Thursday, June 6th, 2019


Written Submission
- to the Culture, Welsh Language and Communication Committee


* Will the new Curriculum for Wales enhance opportunities for Welsh   history and culture to be taught from a Welsh perspective?

          The opportunities for teaching from a Welsh perspective could well be enhanced by the new curriculum - but only if ESTYN are tasked with looking for evidence that it is consistently being taught, and that WJEC exam questions eventually test for it. There may well be the opportunity for some schools to pay ‘lip service’ to this instead of embedding it as a basis for their schemes of work, however.

* What opportunities will the new curriculum offer for the teaching of    Welsh local and national history?

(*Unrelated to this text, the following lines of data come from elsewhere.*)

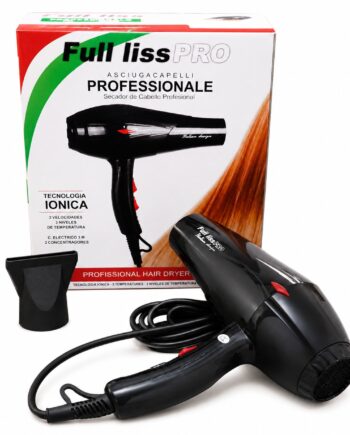 Secador profesional FULL LISS PRO PROFESSIONALE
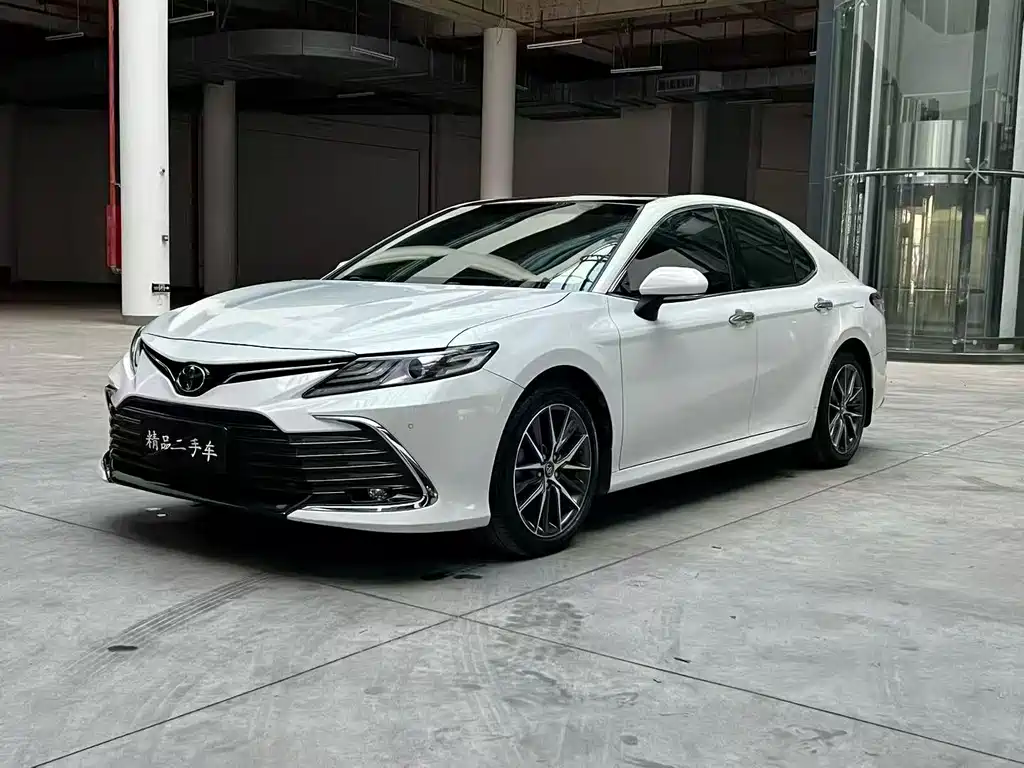 Toyota Camry 2022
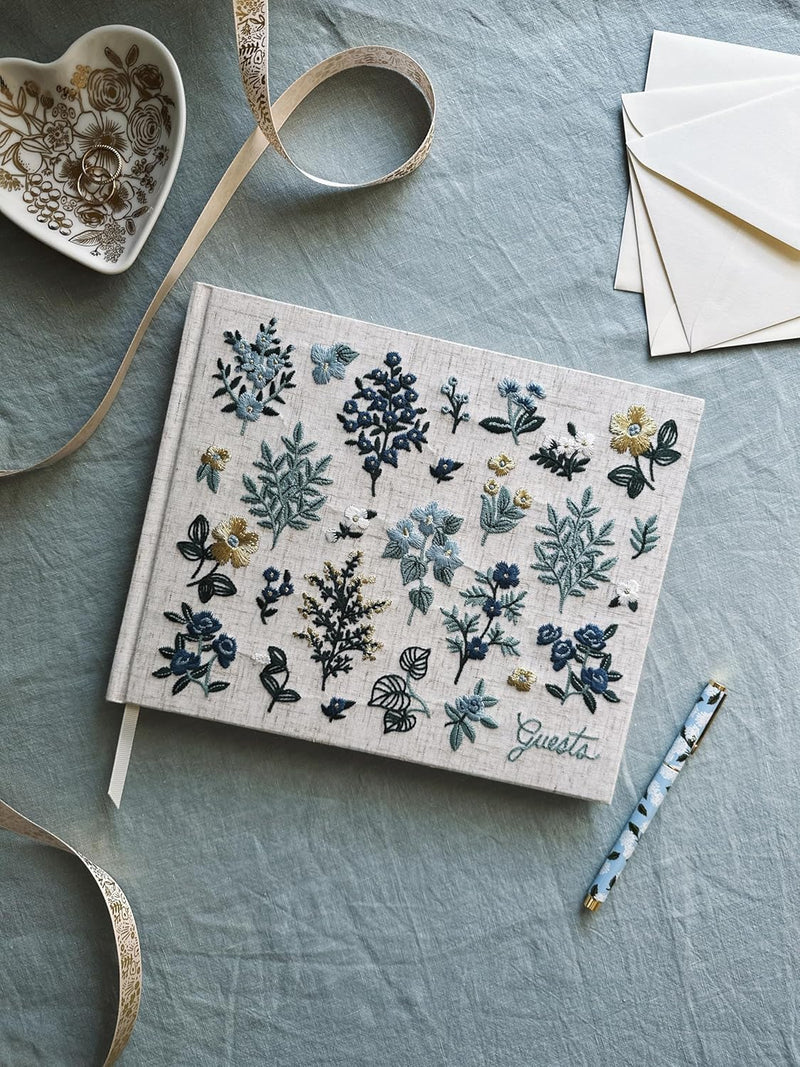 Wildwood Guest Book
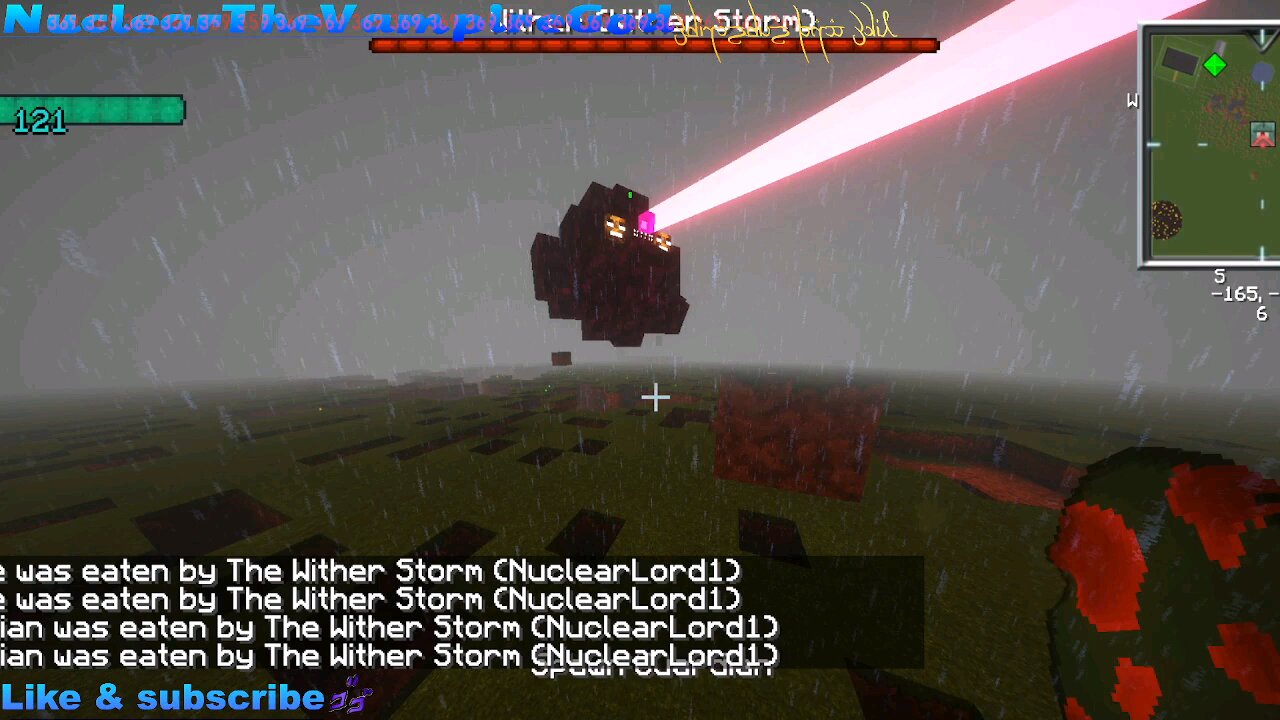 wither storm
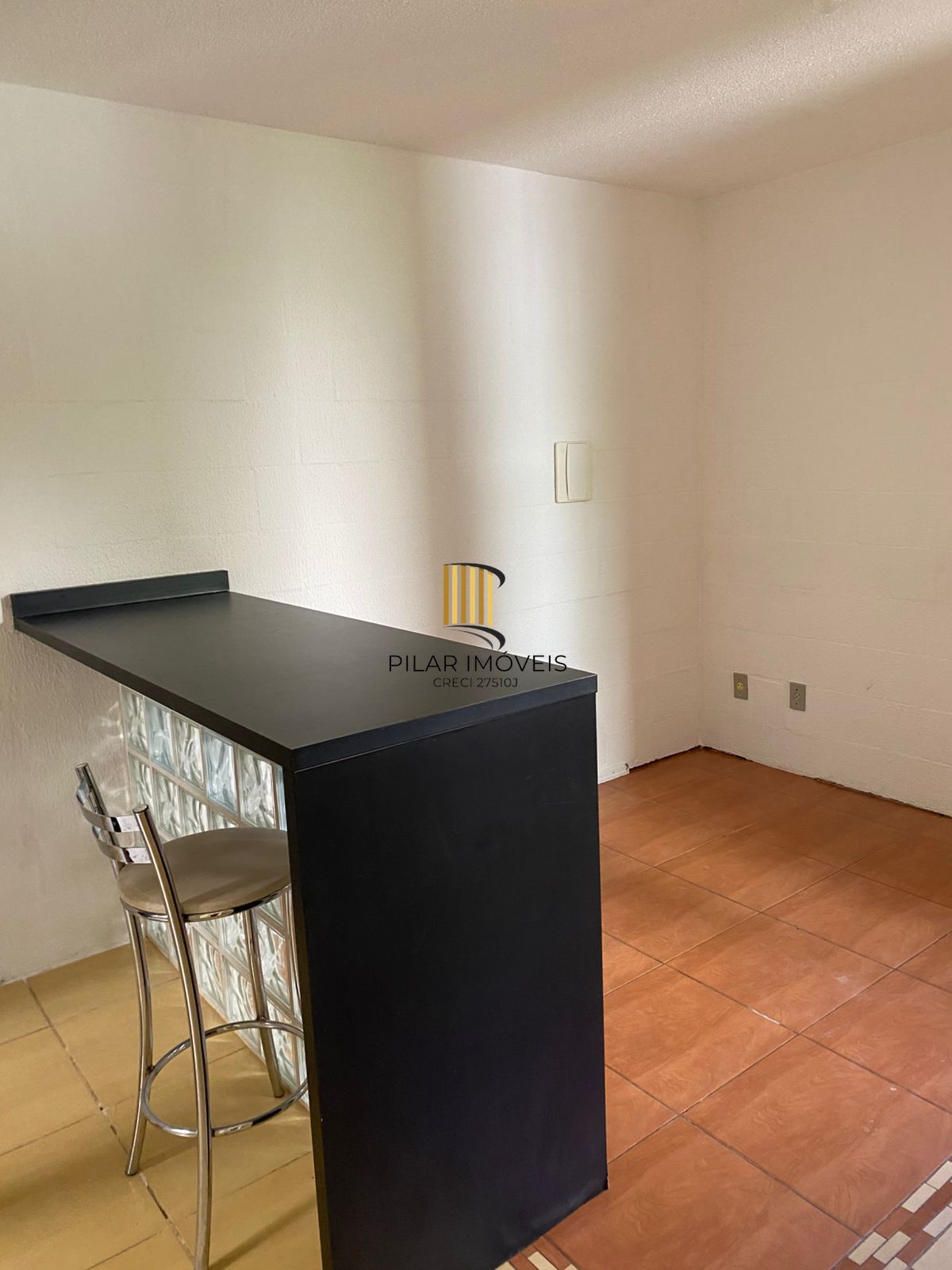 Apartamento de 2 dormitórios e vaga rotativa na Vila Nova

          The aim is for local topics to be studied, which could then lead to discussions about regional, national, British, European or even World matters. This will allow pupils to explore their local history, as well as the national history of Wales, but it will very much depend on the ability of their teachers to develop suitable schemes of work. Unfortunately, we have not yet had access to any exemplar materials for this, but we assume that the Humanities Pioneer Schools have already provided guidance for their partner schools. If resources are not readily available then teachers may well revert to using their ‘tried and tested’ materials, and opportunities for studying topics on local medieval history, for example, may be lost.

* In what way, if any, will teachers be constrained in the teaching of Welsh      history and culture?

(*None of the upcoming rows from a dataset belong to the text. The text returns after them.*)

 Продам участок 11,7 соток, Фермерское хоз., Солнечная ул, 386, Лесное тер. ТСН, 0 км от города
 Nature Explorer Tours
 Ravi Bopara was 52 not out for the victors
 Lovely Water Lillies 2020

          As mentioned above, teachers may well be constrained by a lack of suitable resources - but also, due to the lack of prescription in the new curriculum, schools will most probably study different topics to those in other parts of the country simply due to their location. That is, pupils living in the valleys of South Wales may well end up with an in-depth knowledge of the coal industry, but will probably have very little knowledge of the slate industry in Gwynedd; the Epynt clearances in Powys; the Rebecca Riots in West Wales; etc.

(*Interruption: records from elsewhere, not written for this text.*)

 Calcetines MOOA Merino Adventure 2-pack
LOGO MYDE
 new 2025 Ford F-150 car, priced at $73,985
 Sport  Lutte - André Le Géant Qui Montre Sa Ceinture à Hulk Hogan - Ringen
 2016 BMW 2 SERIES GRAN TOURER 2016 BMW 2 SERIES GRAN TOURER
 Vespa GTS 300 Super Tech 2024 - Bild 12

* How might the teaching of Welsh history and culture be affected by the         greater discretion for schools in the content of what is taught?

          The new curriculum aims to be non-prescriptive and to focus on “fundamentals”. For the past three years, however, the Society’s main concern has been that teachers and schools would be able to by-pass historical topics or periods if they so wished. For this reason, we are keen to have some ‘general prescription of study’ so that topics from each of the main periods are covered. For example, topics could be studied from: Celtic and Roman Wales; The Age of the Saints; The Age of the Princes; The Tudors and Stuarts; The Industrial Revolution; and the 20th century. We also recommend the use of timelines so that pupils can place events in a chronological order more easily. The draft curriculum does refer to ‘chronological maps’ but we strongly suggest that the topics are also taught in a chronological order wherever possible. We feel that the new curriculum should have a list of ‘must haves’, i.e. topics that all the pupils in the country need to be taught so that they have a rounded knowledge of the events which have formed modern-day Cymru. Teachers must then be supported in developing appropriate schemes of work through the availability of suitable bilingual and multimedia resources.